By Trinity HPublished 3 months ago 7 min read
1

Her breathing was broken, wet; like she was drowning in front of me.

“Can I tell you a secret? I found this locket with a rat.” What a fucking obscure thing to say while I’m holding a sword above your chest, I think. I watch as shaky hands move to her neck, untucking a necklace from underneath her armor. It’s shabby- A short gold chain with a too big emblem on the front. Pretty gaudy, in my opinion. How she hid it during the fight, I didn’t know. Whenever I wear jewelry, it always ends up halfway to choking me before I can get the killing blow. I guess she really is a professional. All I know is that her blood is getting all over the clasp, making it impossible to open.

It didn’t look like she was trying to open it, but my hand twitched at my side anyways. Maybe I wanted to help her, in these final moments. Maybe I wanted to kill her instead.

“He was the first companion I found, in some dungeon in a fishing town.” She was looking somewhere far away when she spoke, like watching a play over my shoulder.
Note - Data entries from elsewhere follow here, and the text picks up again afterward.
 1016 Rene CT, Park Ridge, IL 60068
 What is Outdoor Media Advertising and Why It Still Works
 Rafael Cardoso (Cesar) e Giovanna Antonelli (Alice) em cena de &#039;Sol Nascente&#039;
If I was a good person, I would kill her quickly. Anything would be better than this: watching her slowly bleed out under me, listening to her recount her life in what? A feeble attempt at letting her live? She would die here anyways.

She coughs and blood trickles down her lips. I am not a good person, and that’s gross.
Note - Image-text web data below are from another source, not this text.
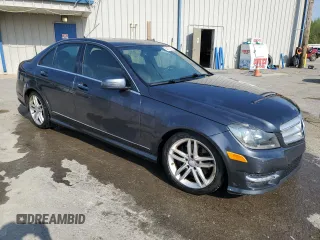 2013 Mercedes-Benz C 300 Sport z VIN WDDGF8AB2DR269765, wystawiony jako Copart lot #53187405 z przebiegiem Nie podano mil oraz Szkoda całkowita • Salvage title. Historia ofert i sprzedaży dostępna na DreamBid. Obrazek 4.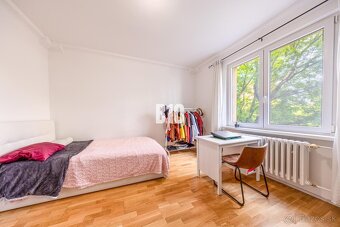 Kompletne zrekonštruovaný 4-izbový byt na Martinčekovej ulic - 5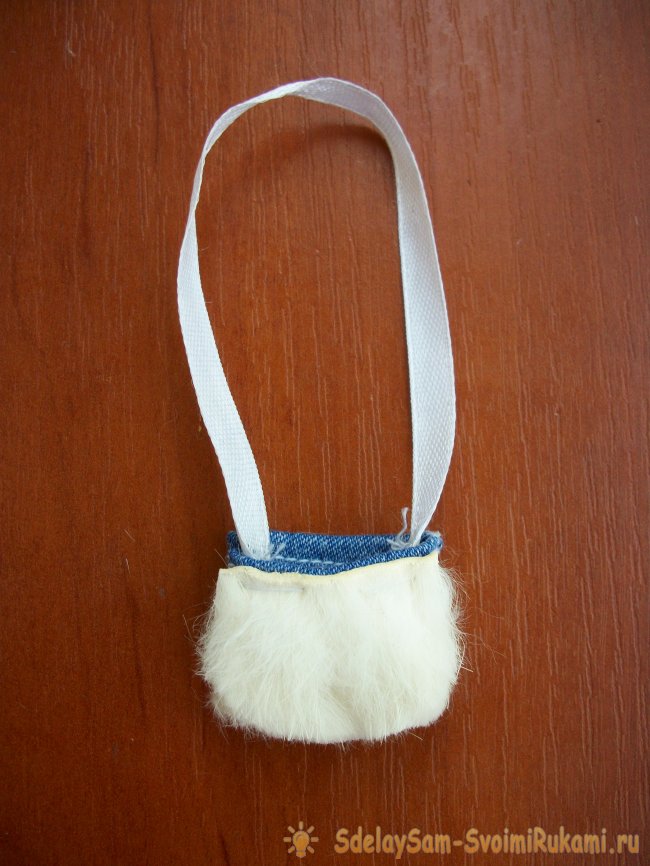 Одежда для куклы из старых джинсов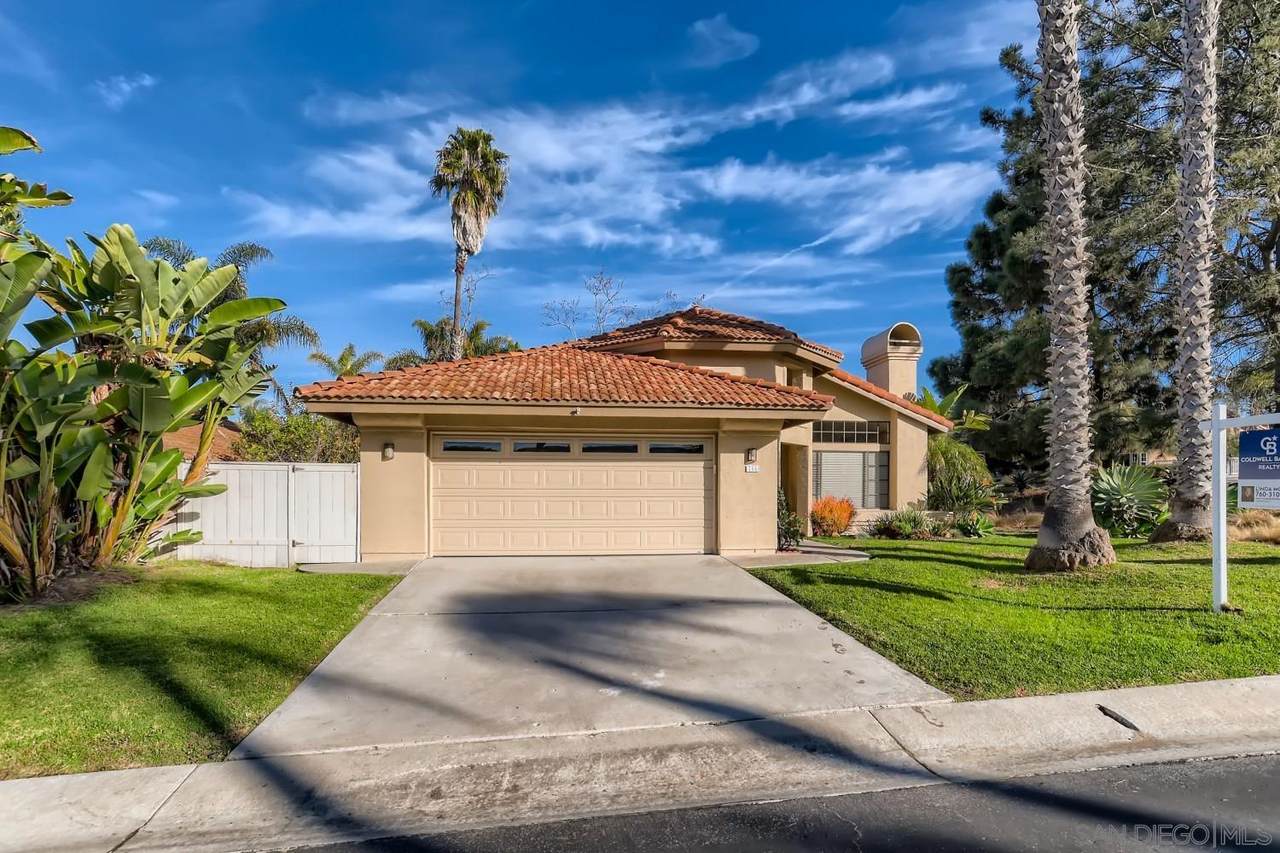 756 Poinsettia Park S - Photo 1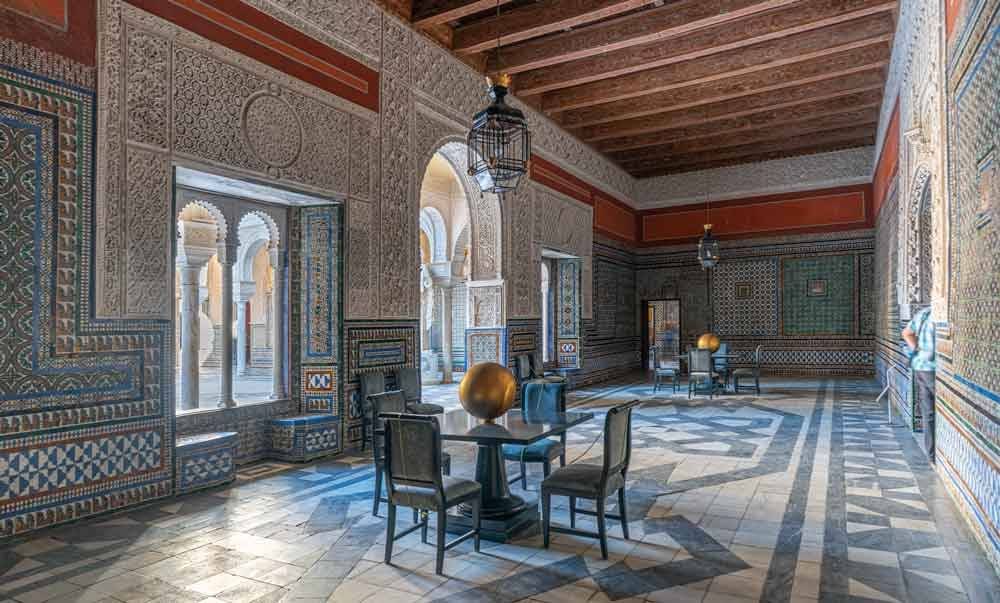 Upper floor apartments and painted ceilings Casa de Pilatos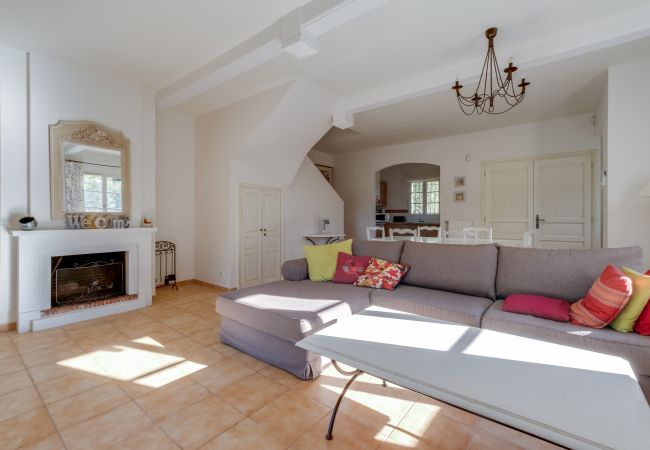 Maison mitoyenne à La Motte - MAISON DE HAMEAU 3 CHAMBRES AVEC JARDIN (N°419) Maison mitoyenne à La Motte - MAISON DE HAMEAU 3 CHAMBRES AVEC JARDIN (N°419)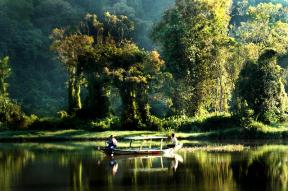 Ява. Западная Ява - situgunung lake.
Suddenly, and without warning, her eyes harden, and she looks at me- I can see her knuckles whiten against the locket. “I killed them.” Her voice is like steel, strong enough to pierce through whatever is holding me together. In this moment, I remember who I’m standing over, and all it took for me to get here. My grip tightens around my sword.

“They left him without food. The floor was covered in shit, and he’d obviously been sleeping in it. I didn’t know if they ever bothered to clean it out. They didn’t even leave him water. They domesticated him, and left him to rot, or only took him out when they needed him, or something in between the two. It didn’t matter.” She spit the last words. If I couldn’t see the wound on her chest and through her stomach, I wouldn’t think she was hurt at all. It was like the force of the world was moving through her, like whatever kept us all on the ground swayed with her anger, leaving everything around her to fall into the orbit of her fury. I could understand how she’d made it so far, how she got so many people to believe in her. Maybe if I was good, I would have believed in her too.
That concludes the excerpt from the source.